==== RECORDS SUPPLIED ====

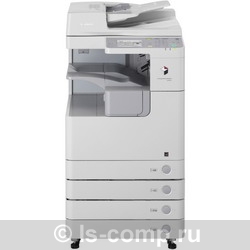   Canon imageRUNNER 2545i (2864B006)  3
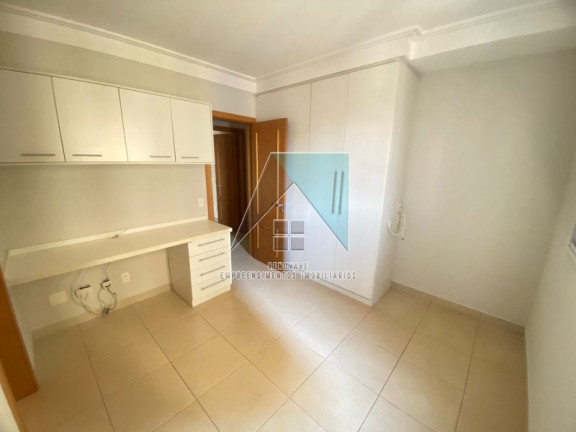 Imagem Apartamento com 3 Quartos à Venda, 138 m² em Bosque Das Juritis - Ribeirão Preto Imagem Apartamento com 3 Quartos à Venda, 138 m² em Bosque Das Juritis - Ribeirão Preto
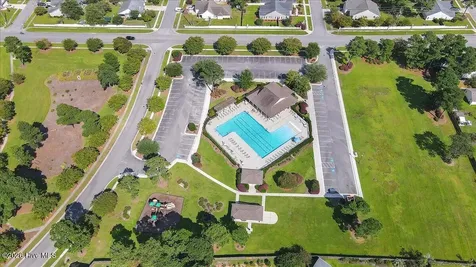 1505 Idlewood Court Leland NC 28451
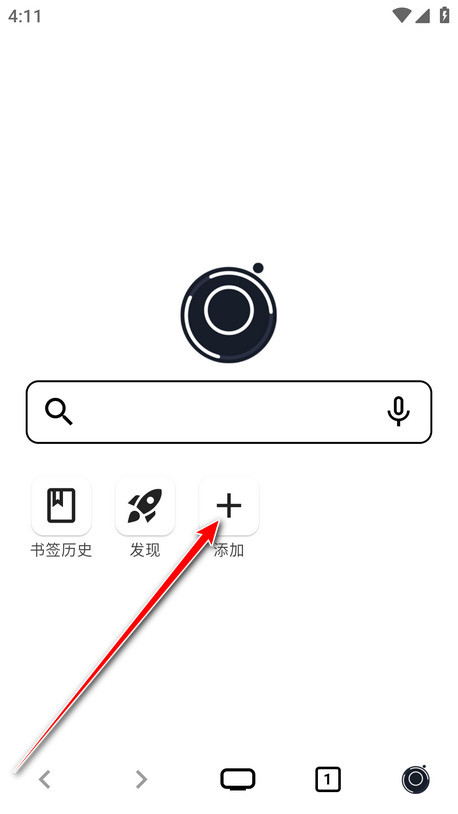 星so浏览器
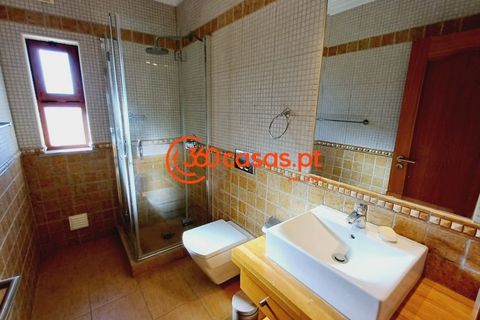 Villa a Estoi, Faro, Estoi - € 775.000 | Ref: 3601209 - foto 26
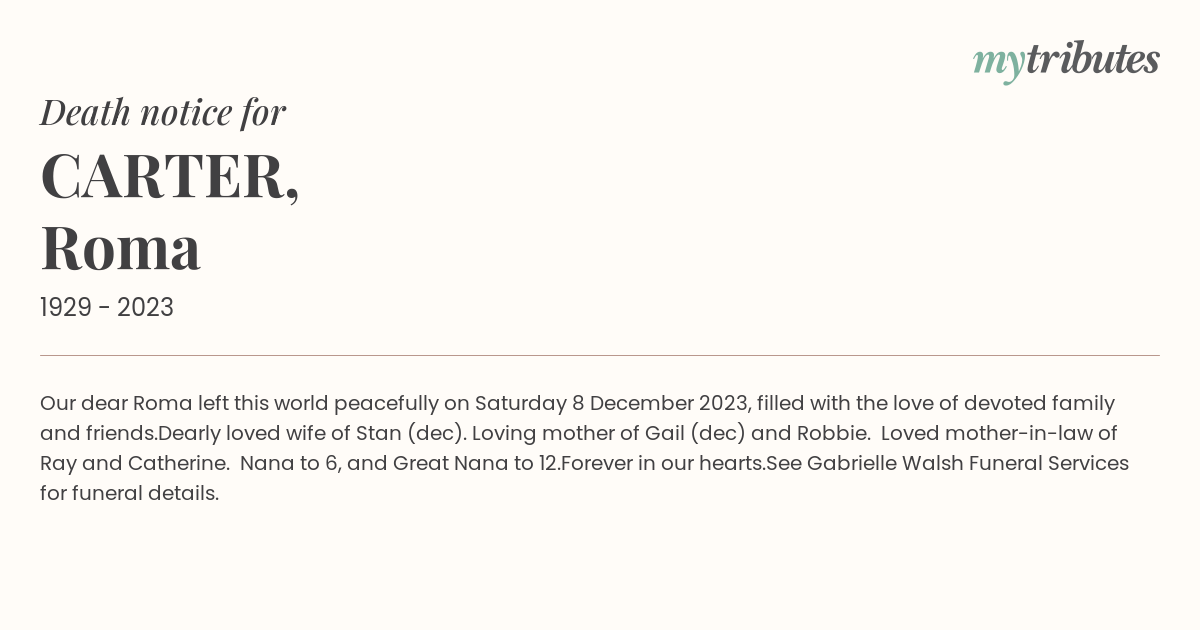 notice opengraph image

====

_TASK_: Please repeat exactly the lines from the one containing "Villa a Estoi, Faro, Estoi" through the end of the entries, both included, omitting pictures.

_EXPECTED ANSWER_:
 Villa a Estoi, Faro, Estoi - € 775.000 | Ref: 3601209 - foto 26
 notice opengraph image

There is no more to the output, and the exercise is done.